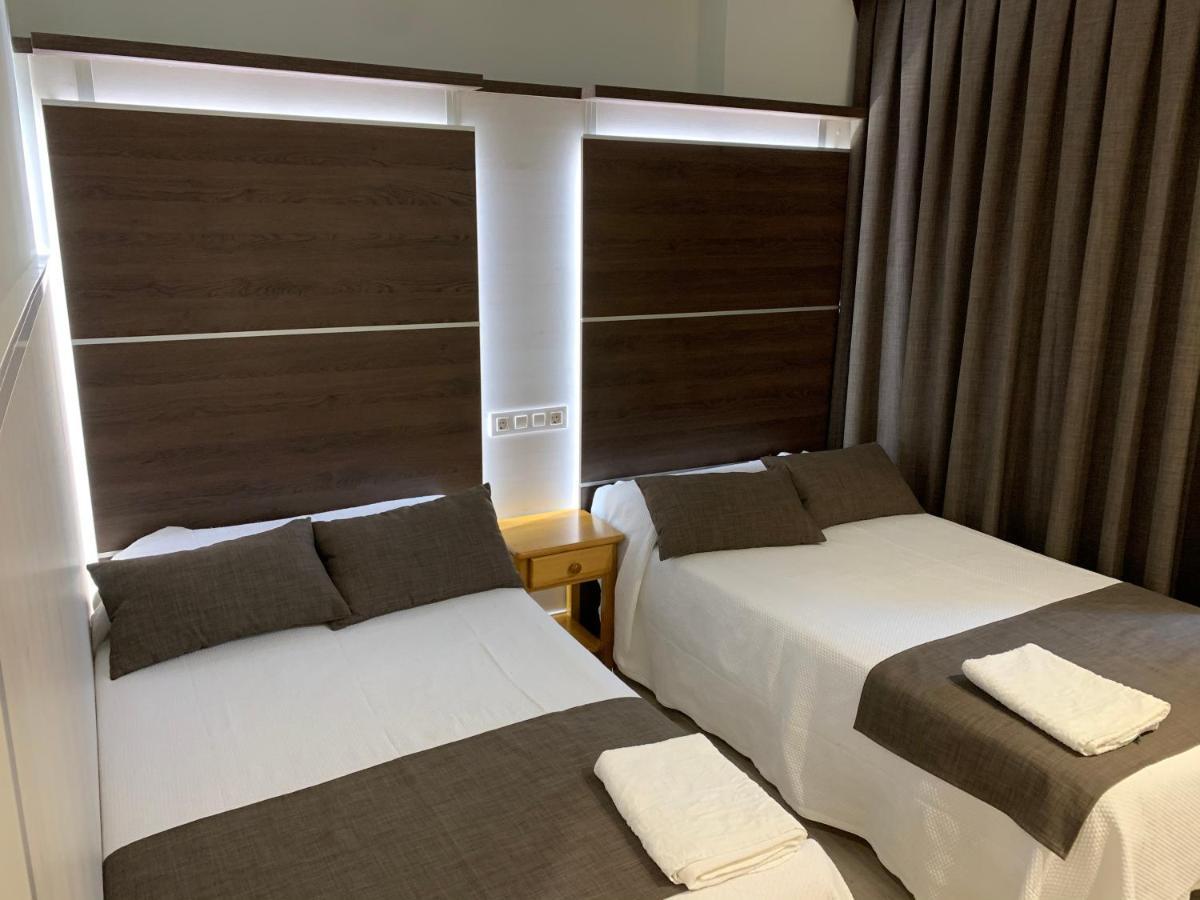 Hotel Ric ซาบาเดย์ ภายนอก รูปภาพ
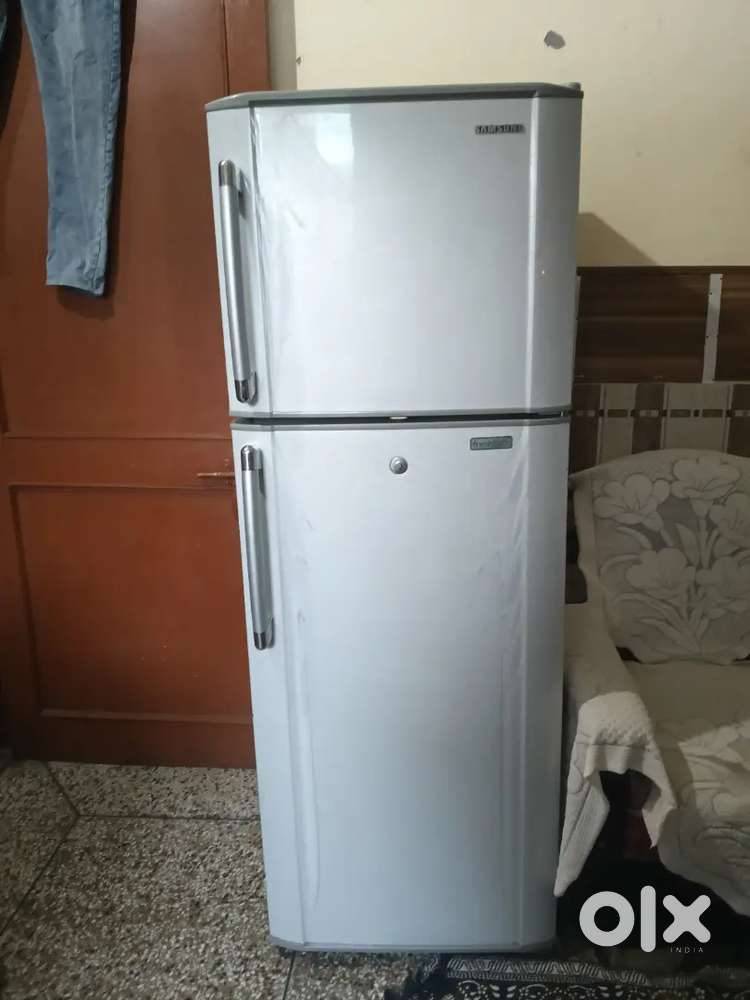 Samsung duble door refigurater 280 Leter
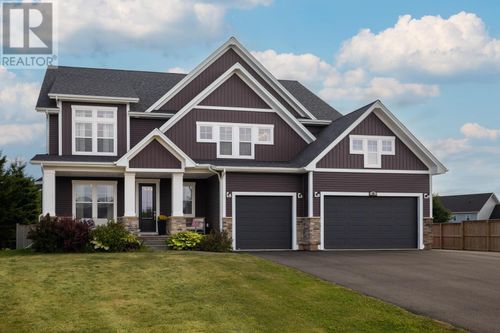 {{alt}} | Card Image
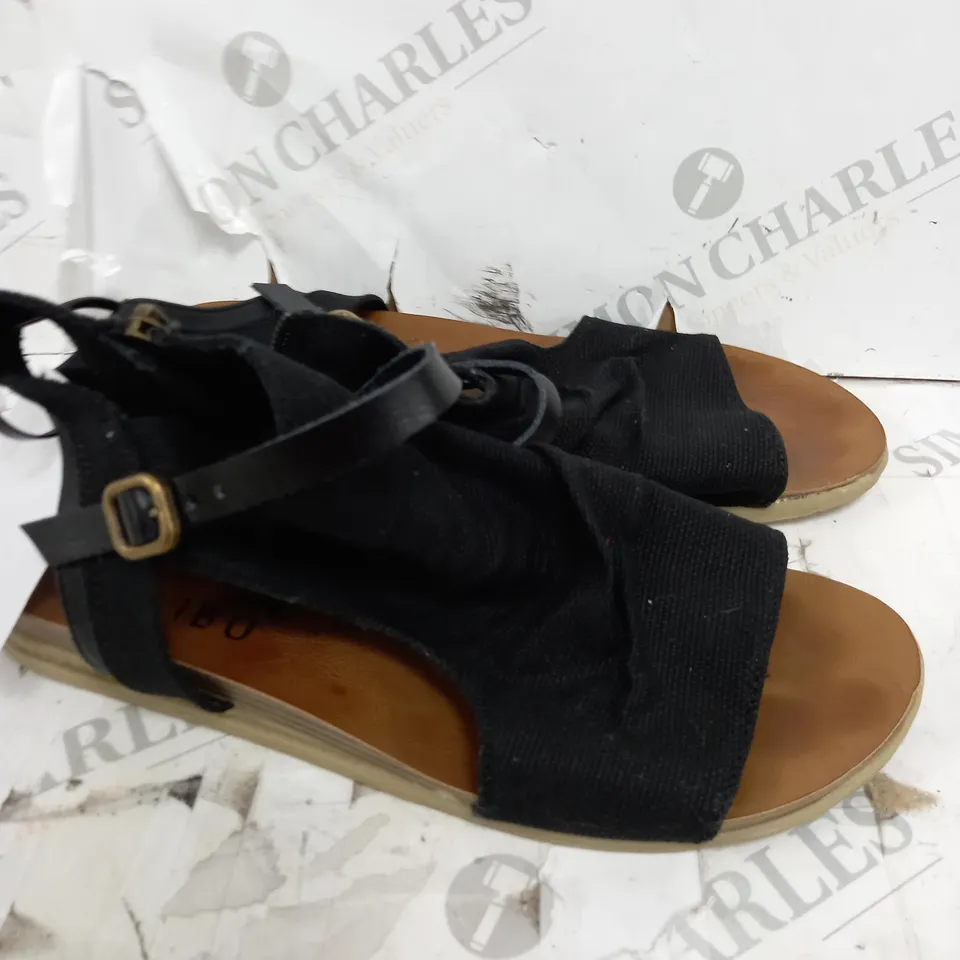 BLOWFISH MALIBU BURNSIDE FLAT SANDAL SIZE 6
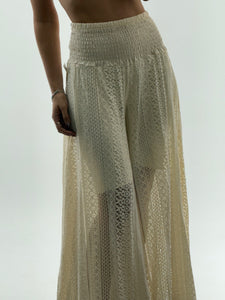 Vintage x Made in Italy x Cream Lace Flowy Wide Leg Pant (XS, S)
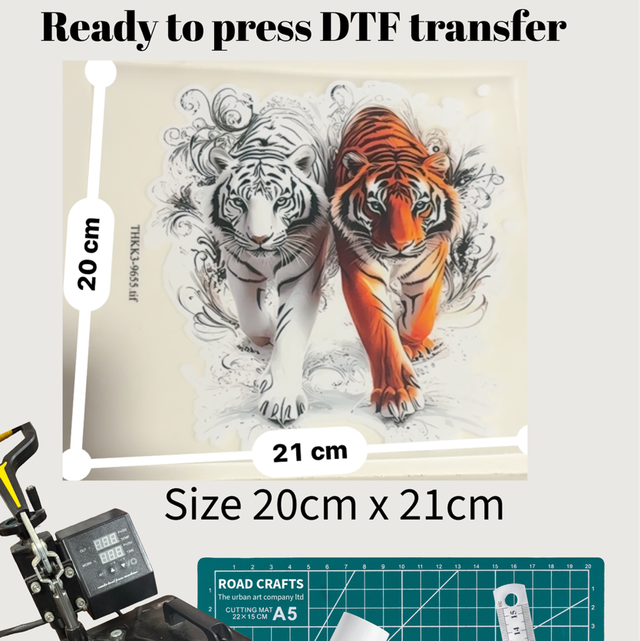 Pair of tigers DTF print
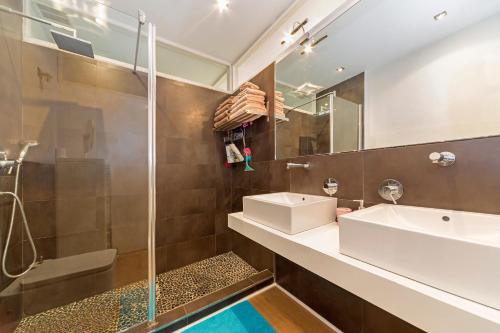 马略卡岛帕尔马Catany - Casa familiar的一间带水槽和淋浴的浴室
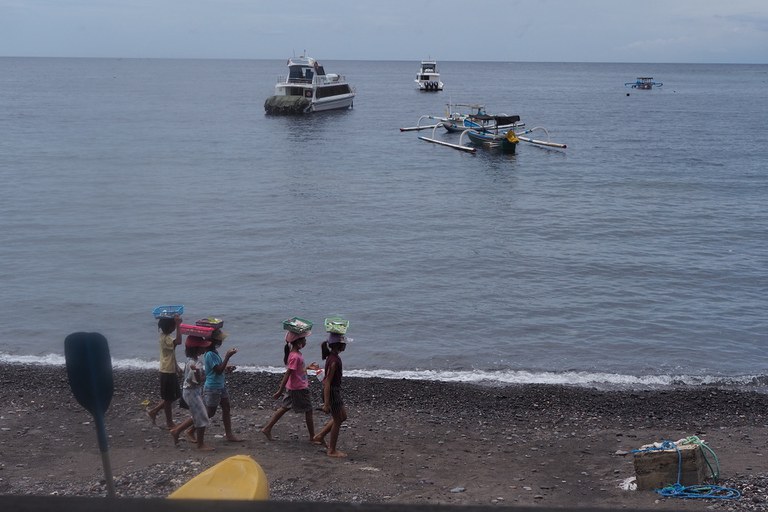 Anak-anak penjual suvenir berkeliling di Pantai Amed yang tampak sepi di Karangasem, Bali, 13 September 2021. [Anton Muhajir/BenarNews]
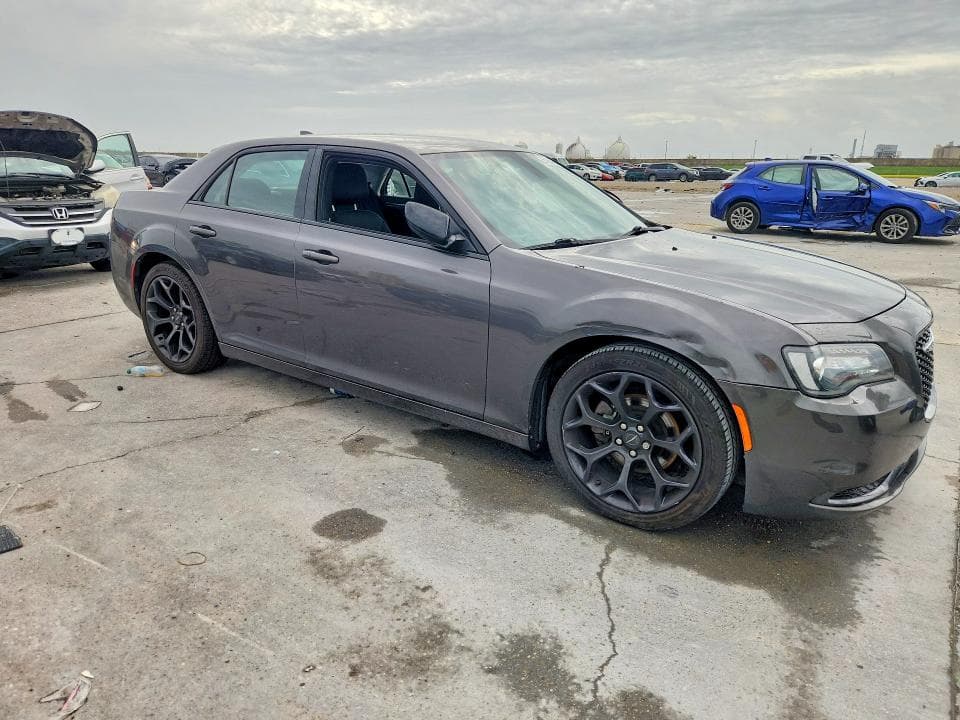 2019 CHRYSLER 300 TOURING 4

## PROBLEM TO SOLVE
Without changing a word, transcribe all of the data and omit its images.

## EXERCISE RESULT
 Hotel Ric ซาบาเดย์ ภายนอก รูปภาพ
 Samsung duble door refigurater 280 Leter
 {{alt}} | Card Image
 BLOWFISH MALIBU BURNSIDE FLAT SANDAL SIZE 6
 Vintage x Made in Italy x Cream Lace Flowy Wide Leg Pant (XS, S)
 Pair of tigers DTF print
 马略卡岛帕尔马Catany - Casa familiar的一间带水槽和淋浴的浴室
 Anak-anak penjual suvenir berkeliling di Pantai Amed yang tampak sepi di Karangasem, Bali, 13 September 2021. [Anton Muhajir/BenarNews]
 2019 CHRYSLER 300 TOURING 4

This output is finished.